Art imitating Life, imitating Art
A survey on Max’s Kansas City
and it’s influence on contemporary art, music, fashion and culture


The original curator of Max’s Kansas City was Mickey Ruskin. He understood artists, but most of all he understood the importance of artists and their art on the rest of the world. In the same way that kings surrounded themselves with artists, acrobats and troubadours, Mickey let the cream from the New York City kingdom exist in his castle on Park Avenue South.


The artists Mickey found worthy of his royal treatment spent almost every waking moment--when they were not in their studio—at Max’s. Their basic needs were met with the potent elixir of most artists at the time: Sex, Drugs and Rock n’ Roll.
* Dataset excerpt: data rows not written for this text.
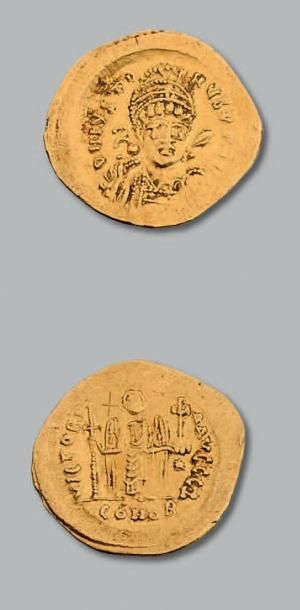 null JUSTIN Ier (518-527) Solidus. Constantinople. 4,45 g.
Son buste casqué et armé....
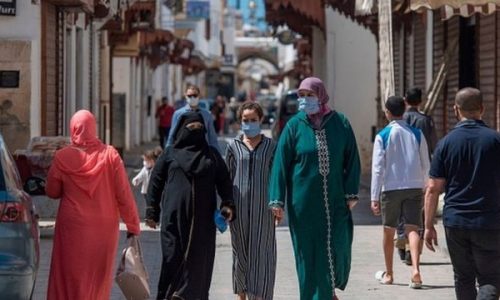وزارة الصحة تحذر المغاربة من التراخي في التدابير الإحترازية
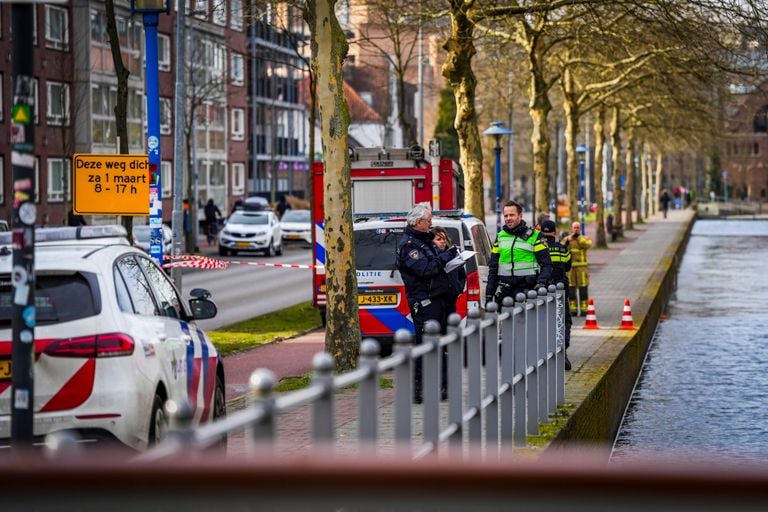 Politie en brandweer worden ingezet (foto: SQ Vision).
When they came off that high (about four in the afternoon) he gave them chicken wings to fuel another night of productions.


Some had the right distance to New York and America to understand its importance in history. It was a time when the signs of the times were atom bombs, assassinations and government run wars, spiced up with a revolution of sex and drugs. People from all over the world came to Max’s trying to cut some of the energy out of the thick layer that covered the place. A few of these people succeeded very well with their sampling; David Bowie soaked it all in and created his alter ego Ziggy Stardust. Jim Morrison found his leather style, Warhol his superstars, Anton Perich his painting machine, Roger Vadim his sexual energy for Barbarella, Oliviero Toscani his attitude and Bob Marley his first stage outside of Jamaica.


This exhibition contains work from and of the people who were Max’s spine. It is a selection of paintings, silk screens, sculptures, photography, video, light and sound installations.